Judge James Russell has lifted an order preventing regulators from issuing pot distribution licenses to companies not involved in alcohol distribution.
Two months after Nevada’s liquor lobby is granted exclusive, 18-month marijuana distribution rights, Carson City District Judge James Russell has lifted an order preventing regulators from issuing pot distribution licenses to companies not involved in alcohol distribution.
Nevada’s vote to legalize pot in November contained language that gave liquor wholesalers complete autonomy over cannabis distribution and was backed by a ruling in June that seemed to solidify Big Alcohol’s influence on state politics. The new ruling, however, will allow cannabusinesses to keep up with massive demand from tourists and residents.

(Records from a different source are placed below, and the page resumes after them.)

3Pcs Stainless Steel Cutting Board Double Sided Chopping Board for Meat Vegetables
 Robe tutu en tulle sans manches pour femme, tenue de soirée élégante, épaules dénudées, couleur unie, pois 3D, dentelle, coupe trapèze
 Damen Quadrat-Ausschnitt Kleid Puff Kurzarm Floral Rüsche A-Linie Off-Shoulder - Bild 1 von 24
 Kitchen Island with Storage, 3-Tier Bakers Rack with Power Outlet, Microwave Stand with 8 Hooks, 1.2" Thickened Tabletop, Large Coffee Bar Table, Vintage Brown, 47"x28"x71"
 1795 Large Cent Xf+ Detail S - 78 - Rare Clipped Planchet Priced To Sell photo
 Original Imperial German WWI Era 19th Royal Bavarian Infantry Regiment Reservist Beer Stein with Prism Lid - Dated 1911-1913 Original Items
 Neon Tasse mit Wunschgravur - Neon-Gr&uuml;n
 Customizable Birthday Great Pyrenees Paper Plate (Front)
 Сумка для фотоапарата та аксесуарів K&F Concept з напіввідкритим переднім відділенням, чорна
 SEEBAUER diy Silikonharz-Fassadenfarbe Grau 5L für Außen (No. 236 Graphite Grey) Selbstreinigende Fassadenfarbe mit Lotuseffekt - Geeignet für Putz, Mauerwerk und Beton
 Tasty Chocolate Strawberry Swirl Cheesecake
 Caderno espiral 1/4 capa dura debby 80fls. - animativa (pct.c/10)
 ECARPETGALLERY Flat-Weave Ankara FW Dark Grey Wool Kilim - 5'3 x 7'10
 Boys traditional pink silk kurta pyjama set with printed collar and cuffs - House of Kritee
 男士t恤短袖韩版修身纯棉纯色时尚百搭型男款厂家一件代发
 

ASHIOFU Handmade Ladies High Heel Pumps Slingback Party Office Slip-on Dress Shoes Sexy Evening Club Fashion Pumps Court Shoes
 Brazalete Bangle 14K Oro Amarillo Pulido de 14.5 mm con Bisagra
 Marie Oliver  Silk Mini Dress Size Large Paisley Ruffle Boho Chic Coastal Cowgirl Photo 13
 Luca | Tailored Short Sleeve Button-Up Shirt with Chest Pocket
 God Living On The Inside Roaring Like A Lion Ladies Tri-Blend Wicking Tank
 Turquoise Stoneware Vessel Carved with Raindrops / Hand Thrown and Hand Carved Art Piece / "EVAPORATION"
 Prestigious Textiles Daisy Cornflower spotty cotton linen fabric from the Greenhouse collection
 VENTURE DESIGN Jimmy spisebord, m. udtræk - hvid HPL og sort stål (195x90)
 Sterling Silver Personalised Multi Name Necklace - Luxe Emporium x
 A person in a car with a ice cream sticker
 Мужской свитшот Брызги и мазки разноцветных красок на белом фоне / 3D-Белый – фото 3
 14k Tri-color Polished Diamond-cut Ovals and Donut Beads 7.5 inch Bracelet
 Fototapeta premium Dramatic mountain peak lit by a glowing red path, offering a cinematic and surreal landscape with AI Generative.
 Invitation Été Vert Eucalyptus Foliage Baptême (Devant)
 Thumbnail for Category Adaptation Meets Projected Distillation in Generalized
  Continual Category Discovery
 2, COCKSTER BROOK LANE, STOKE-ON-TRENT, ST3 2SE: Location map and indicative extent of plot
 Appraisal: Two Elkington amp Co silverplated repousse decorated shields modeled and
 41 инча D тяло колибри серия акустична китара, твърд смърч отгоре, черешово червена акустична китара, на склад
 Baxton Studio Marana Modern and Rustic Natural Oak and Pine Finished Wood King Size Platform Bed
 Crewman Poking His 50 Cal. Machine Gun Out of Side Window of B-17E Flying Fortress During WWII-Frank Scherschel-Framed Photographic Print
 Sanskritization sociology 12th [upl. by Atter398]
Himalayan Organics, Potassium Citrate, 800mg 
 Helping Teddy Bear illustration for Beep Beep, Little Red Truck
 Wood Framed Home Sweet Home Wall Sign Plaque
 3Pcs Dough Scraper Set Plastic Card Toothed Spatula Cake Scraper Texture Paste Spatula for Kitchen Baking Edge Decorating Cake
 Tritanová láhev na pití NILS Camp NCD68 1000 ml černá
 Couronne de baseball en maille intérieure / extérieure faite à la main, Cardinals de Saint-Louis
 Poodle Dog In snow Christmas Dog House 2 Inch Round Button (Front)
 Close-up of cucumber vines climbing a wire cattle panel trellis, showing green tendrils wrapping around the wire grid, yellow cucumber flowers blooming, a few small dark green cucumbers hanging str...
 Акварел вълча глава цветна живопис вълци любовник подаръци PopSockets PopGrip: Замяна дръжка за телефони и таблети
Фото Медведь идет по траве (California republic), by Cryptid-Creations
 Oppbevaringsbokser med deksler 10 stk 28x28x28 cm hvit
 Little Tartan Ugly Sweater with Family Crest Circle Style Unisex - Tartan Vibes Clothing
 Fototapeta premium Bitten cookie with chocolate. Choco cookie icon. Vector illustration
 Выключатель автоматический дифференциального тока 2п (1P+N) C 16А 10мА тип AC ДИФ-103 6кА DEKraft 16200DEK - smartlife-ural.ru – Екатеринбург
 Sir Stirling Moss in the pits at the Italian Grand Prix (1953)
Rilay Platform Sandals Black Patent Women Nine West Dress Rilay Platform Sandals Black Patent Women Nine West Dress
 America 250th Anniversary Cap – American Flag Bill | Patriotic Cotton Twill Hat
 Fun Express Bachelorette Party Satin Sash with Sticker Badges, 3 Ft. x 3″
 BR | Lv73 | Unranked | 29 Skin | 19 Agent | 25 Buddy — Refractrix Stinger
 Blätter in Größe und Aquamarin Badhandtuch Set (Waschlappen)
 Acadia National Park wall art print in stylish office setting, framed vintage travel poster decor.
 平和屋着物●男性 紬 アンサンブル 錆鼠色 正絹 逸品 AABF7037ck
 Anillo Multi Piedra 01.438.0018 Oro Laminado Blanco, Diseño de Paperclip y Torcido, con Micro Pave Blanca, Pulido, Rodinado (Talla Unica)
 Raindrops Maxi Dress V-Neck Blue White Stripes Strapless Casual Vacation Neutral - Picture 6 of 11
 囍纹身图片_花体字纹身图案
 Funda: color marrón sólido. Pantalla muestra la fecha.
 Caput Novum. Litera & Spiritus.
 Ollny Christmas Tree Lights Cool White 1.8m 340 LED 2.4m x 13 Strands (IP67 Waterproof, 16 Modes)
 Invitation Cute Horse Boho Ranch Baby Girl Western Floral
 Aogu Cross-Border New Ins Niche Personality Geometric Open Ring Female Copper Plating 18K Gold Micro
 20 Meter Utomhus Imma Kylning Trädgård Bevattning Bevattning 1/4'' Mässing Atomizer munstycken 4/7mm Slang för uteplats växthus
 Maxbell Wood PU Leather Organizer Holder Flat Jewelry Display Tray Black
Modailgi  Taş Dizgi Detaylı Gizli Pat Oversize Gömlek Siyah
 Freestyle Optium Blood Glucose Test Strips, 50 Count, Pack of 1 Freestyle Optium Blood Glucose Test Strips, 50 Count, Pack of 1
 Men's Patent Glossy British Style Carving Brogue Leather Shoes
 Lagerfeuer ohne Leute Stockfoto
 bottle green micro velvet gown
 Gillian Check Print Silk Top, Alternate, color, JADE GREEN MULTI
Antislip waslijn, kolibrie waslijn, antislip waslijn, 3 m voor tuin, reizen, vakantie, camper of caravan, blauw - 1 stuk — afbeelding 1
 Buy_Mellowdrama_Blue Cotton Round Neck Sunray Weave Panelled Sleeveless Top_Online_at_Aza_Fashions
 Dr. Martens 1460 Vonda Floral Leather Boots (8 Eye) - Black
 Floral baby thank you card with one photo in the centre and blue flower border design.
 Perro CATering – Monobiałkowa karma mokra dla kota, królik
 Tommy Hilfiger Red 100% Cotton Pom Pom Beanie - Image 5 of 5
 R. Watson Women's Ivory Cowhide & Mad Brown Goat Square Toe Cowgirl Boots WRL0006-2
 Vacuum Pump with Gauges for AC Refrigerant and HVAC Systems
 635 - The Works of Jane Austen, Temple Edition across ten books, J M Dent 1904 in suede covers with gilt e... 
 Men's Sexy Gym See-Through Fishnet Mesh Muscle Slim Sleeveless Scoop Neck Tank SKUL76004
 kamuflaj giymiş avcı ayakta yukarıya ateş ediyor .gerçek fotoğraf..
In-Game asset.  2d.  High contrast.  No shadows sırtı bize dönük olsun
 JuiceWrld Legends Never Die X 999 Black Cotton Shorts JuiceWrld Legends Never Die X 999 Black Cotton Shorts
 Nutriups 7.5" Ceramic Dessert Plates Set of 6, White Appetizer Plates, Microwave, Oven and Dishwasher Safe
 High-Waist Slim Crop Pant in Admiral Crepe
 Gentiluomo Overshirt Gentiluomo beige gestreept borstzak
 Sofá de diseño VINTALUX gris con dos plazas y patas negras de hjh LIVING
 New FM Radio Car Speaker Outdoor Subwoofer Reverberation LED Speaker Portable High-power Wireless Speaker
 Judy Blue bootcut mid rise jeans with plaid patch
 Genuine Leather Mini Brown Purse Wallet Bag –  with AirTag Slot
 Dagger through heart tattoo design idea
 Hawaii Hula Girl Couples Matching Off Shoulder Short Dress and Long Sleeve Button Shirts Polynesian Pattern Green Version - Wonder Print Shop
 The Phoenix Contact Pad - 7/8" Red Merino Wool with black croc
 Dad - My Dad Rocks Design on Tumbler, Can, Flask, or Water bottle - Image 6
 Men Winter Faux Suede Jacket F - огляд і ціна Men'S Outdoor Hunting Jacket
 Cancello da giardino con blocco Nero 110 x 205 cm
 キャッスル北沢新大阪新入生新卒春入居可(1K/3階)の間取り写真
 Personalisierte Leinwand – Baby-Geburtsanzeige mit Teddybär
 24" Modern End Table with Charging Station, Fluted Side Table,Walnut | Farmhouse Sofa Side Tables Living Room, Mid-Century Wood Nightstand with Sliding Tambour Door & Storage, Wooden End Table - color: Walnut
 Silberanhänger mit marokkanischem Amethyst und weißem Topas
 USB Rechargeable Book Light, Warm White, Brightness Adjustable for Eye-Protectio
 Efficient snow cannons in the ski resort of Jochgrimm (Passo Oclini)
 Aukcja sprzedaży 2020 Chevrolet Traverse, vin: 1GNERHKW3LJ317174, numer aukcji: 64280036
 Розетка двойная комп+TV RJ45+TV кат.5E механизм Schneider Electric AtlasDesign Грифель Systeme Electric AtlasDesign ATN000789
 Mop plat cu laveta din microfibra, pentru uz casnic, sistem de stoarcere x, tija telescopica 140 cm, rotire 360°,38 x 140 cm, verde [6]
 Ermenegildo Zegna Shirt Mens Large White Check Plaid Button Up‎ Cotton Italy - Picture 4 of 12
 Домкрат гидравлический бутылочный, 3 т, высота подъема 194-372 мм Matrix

Threats of pot shortages have loomed since Nevada’s early start recreational program began July 1. The liquor lobby, who fought hard to control Nevada’s cannabis industry stalled in completing the applications required by the state to obtain distribution licensing.
In fact, there were zero licensed alcohol distributors ready to move forward until late July. Dispensaries were only allowed to sell their current inventory until alcohol wholesalers got themselves in order.
Dispensaries have tried to remain positive about these challenges, particularly since local government leaders remained vocal in keeping the program rolling at full steam ahead.
In mid-July, Nevada Gov. Brian Sandoval issued emergency regulations to keep that legal cannabis money flowing into his proposed $70 million-dollar tax revenue budget over the next two years.
Judge Russell stated after the hearing that alcohol wholesalers simply do not have the capacity to meet recreational demand spanning Las Vegas and Reno, saying,
There is a substantial amount of evidence that there is a need for additional distributors over and above the liquor distributors.
The change comes after the Nevada Tax Commission provided evidence that there aren’t enough alcohol wholesalers who are ready to proceed. Tax Director Deonne Contine also made the compelling case that the stranglehold on distribution is driving up prices, enticing people to buy weed illegally, and is leading to diminished employee safety by stockpiling supplies.
When there is inadequate supply and variety, the prices of legal marijuana increase and licensed retailers do not have products demanded by their customers. Both situations drive consumers to the black market. – Contine.
The attorney for the alcohol group, Kevin Benson argued during the hearing that a prior meeting held by the Taxation Department last week to authorize the determination of insufficiency “violated his clients’ right to due process,” according to ABC News. To which Michelle Briggs, the state’s senior deputy attorney general countered,
You do not have a due process right to a monopoly. That is what they are asking for.
Judge Russell’s decision isn’t just a victory for cannabis users and advocates, it’s a win for the state. Nevada is on pace to make $30M in marijuana sales by the end of 2017, and not to mention its impacts on local job growth, and tax revenues going to schools and infrastructure. Besides, as a Las Vegan I’m pretty excited; these prices are getting out of control!